▶ [Exercise]:
Each record that follows is to be transcribed exactly, excluding its images.

Content starts

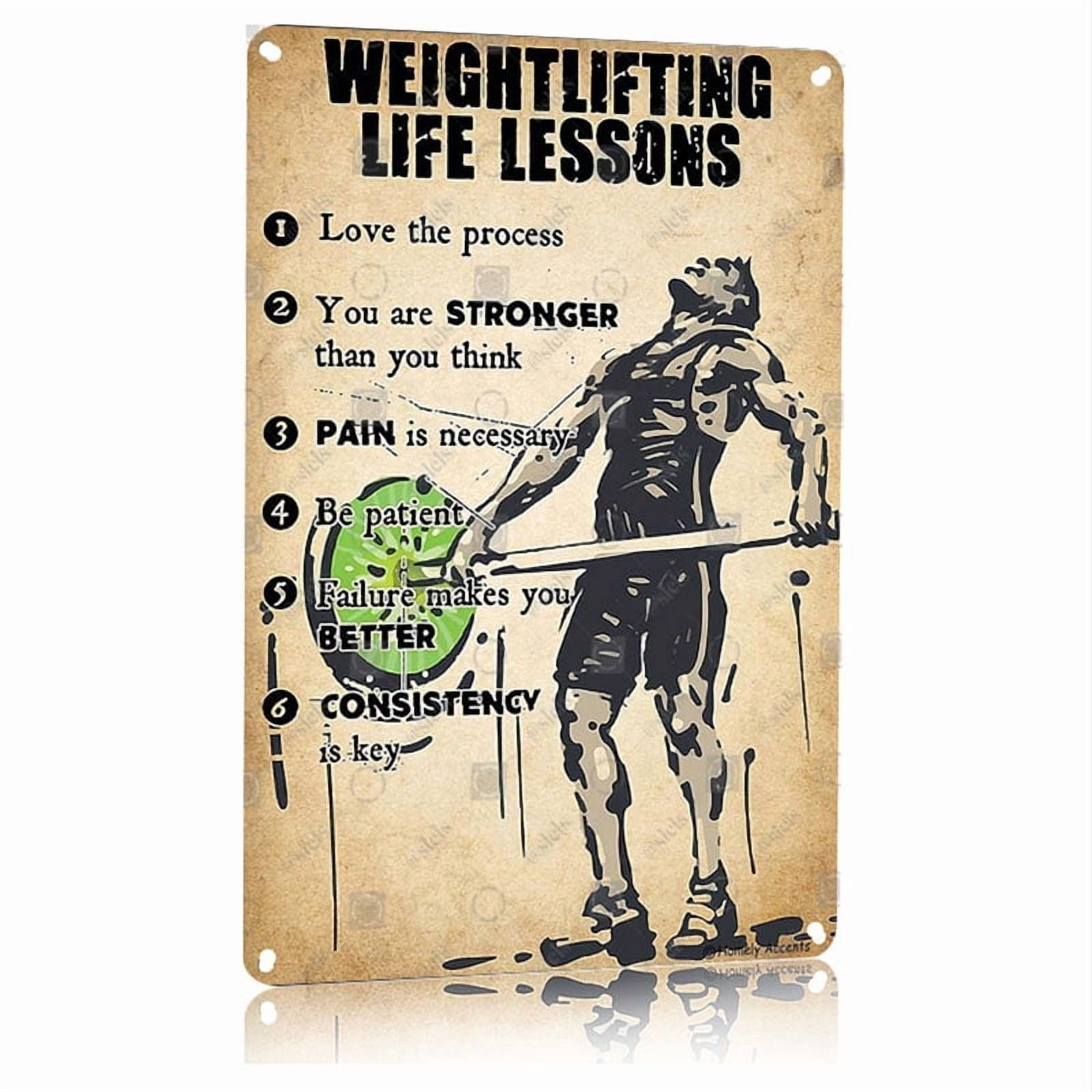 Weight lifting Motivational Metal Sign 8x12 Inches Vintage Gym Wall Art ...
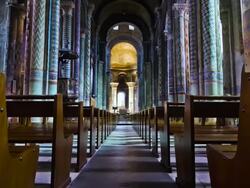 MS TU Interior part of Notre-Dame-la-Grande Church / Poitiers, Poitou-Charentes, France Stock Footage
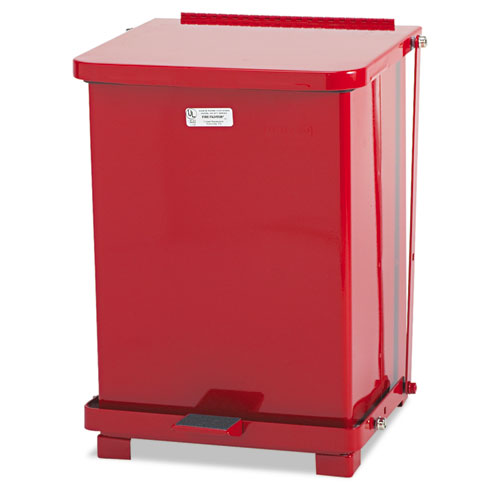 Defenders Biohazard Step Can, Square, Steel, 4 gal, Red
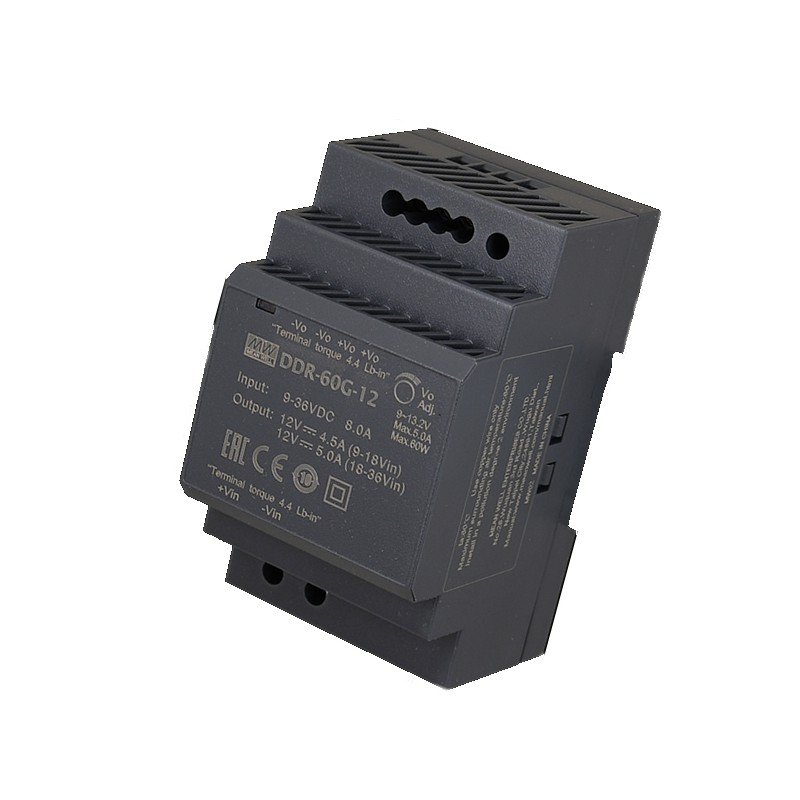 Mean Well DDR-60G-24 60W DIN Ray Tek Çıkış DC/DC Dönüştürücü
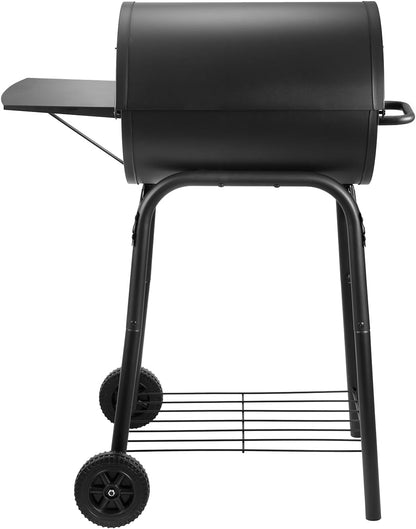 Charcoal Grills Outdoor BBQ Grill, Barrel Charcoal Grill with Side Table, with Nearly 500 Sq.In. Cooking Grid Area, Outdoor Backyard Camping Picnics, Patio and Parties, Black by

Content ends

▶ [Result for this exercise]:
 Weight lifting Motivational Metal Sign 8x12 Inches Vintage Gym Wall Art ...
 MS TU Interior part of Notre-Dame-la-Grande Church / Poitiers, Poitou-Charentes, France Stock Footage
 Defenders Biohazard Step Can, Square, Steel, 4 gal, Red
 Mean Well DDR-60G-24 60W DIN Ray Tek Çıkış DC/DC Dönüştürücü
 Charcoal Grills Outdoor BBQ Grill, Barrel Charcoal Grill with Side Table, with Nearly 500 Sq.In. Cooking Grid Area, Outdoor Backyard Camping Picnics, Patio and Parties, Black by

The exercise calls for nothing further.